The issues restated with possible solutions
The issues can be restated as two questions:
- The accessibility of freely available content from Infomotions.com is a drain on Infomotions, Inc.s resources. How can Infomotions, Inc. lower its expenses and/or increase its revenue in order to eliminate or at least minimize this problem?
- There are people who are using the content from Infomotions.com in a dubious manner. Are the copyright expectations of Infomotions, Inc. clearly articulated, explicitly stated, and to what degree enforceable?
A number of solutions present themselves, and each are outlined in the following sections.
Remove images
One solution is to simply remove the images from Infomotions.com. The articles, presentations, and software of Infomotions, Inc. are the best examples of what Infomotions, Inc. can do. The images could be viewed as eye candy and therefore unnecessary. On the other hand, the way the images are created, maintained, displayed, and made accessible through searchable as well as browsable interfaces do exemplify the skills of Infomotions, Inc.
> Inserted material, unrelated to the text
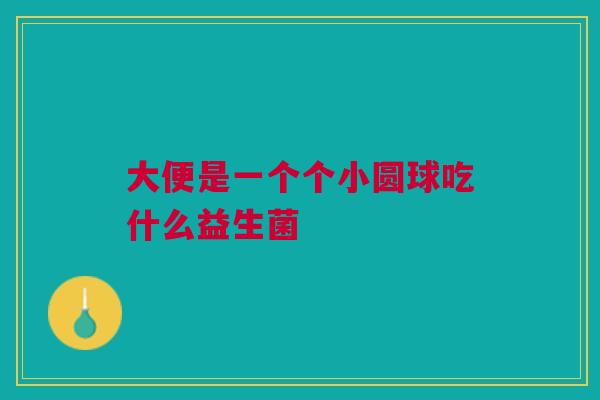 大便是一个个小圆球吃什么益生菌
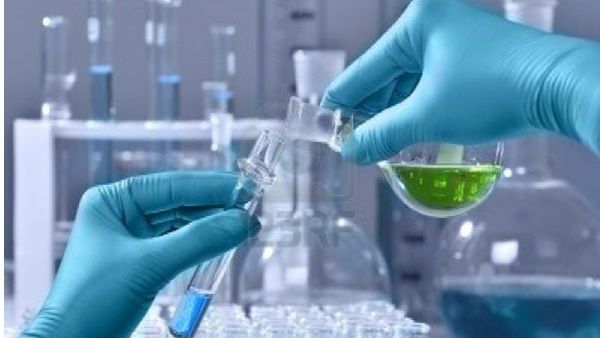 ജീവന്റെ പുതിയ രൂപം; തവളകളുടെ മൂലകോശത്തിൽ നിന്നും ജീവനുള്ള റോബോട്ട്, അമ്പരപ്പിച്ച് സെനോബോട്ട്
Removing the images would be defeating much of the purpose of Infomotions.com.
Programatically limit referrals
There are at least two programmatic ways of limiting the undesirable referrals to Infomotions.com. The first way is to trap undesirable referrals before they are served. This can be accomplished by updating the Infomotions.com Web server (Apache) configuration file something like this [1]:
RewriteEngine On
RewriteCond %{HTTP_REFERER} !=""
RewriteCond %{HTTP_REFERER} "!^http:/infomotions.com/.*$" [NC]
RewriteCond %{REQUEST_URI} "\.(gif|jpg|jpeg|png)$"
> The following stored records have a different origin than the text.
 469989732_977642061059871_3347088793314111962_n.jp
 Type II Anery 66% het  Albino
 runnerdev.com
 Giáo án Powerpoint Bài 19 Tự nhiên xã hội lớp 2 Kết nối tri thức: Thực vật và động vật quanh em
RewriteRule .* - [F]This set of lines:
- Turns on a URL rewriting module in Apache;
- Checks to see if there is no referrer information, and if not then do nothing;
- Checks to see if the referrer is from Infomotions.com, and if so then do nothing;
- Checks to see if the requested URL is an image, and if so then continue; and,
- If it gets this far, then return to the browser a fail request; deny the request.
To really make this recipe work well, I would want to change Line 3 to allow things like Google or other indexers to read the images.
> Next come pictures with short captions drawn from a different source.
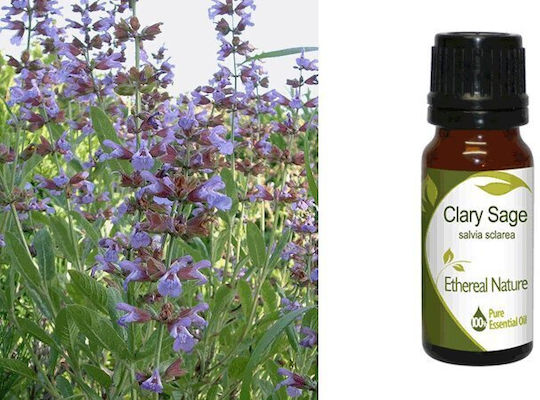 Nature & Body Ulei Esențial Salvie Clary Sage 10ml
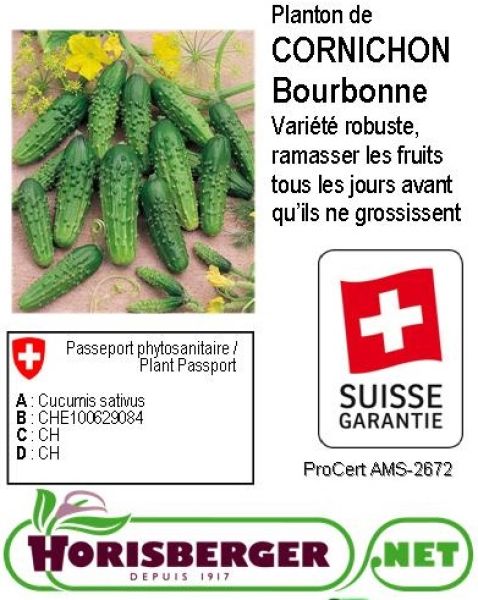 CUCUMIS SATIVUS / CORNICHON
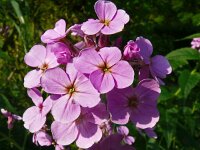 Hesperis matronalis 33, Damastbloem, Saxifraga-Hans Grotenhuis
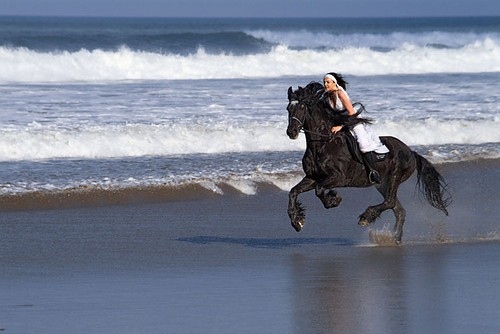 beach, black horse and galloping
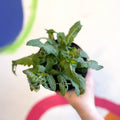 Garden Sage - Salvia nemorosa 'Marvel Blue' - British Grown Perennial - Sprouts of Bristol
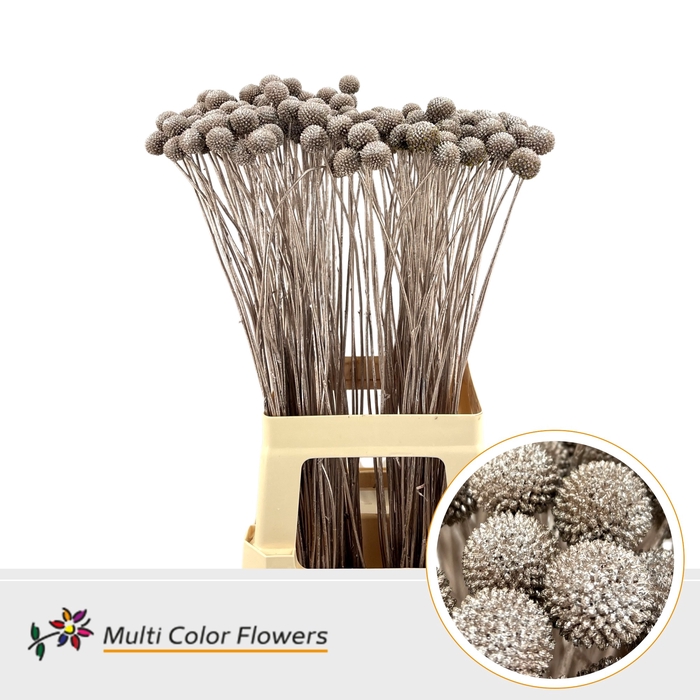 <h4>Craspedia Champagne</h4>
The second programatic way of limiting referrals this through some sort of redirection program. This program would take a pointer representing an image as input, do the same sort of referral checking like the recipe above, and return an image. While implementable and Web server independent, it this solution is not very practical.
License referrals
An entrepreneurial solution is to license the images. To do this I would change the last line of the recipe to point to an image different from the requested one. The different image could say something like, You are stealing an image from Infomotions, Inc. Go to this URL to see how you can license this image. When the user goes to URL they could be asked for their name, email address, URL of the page where the image is desired, and a monetary donation. Upon receipt of the URL and donation Line 3 could be updated to allow the referral to be successful.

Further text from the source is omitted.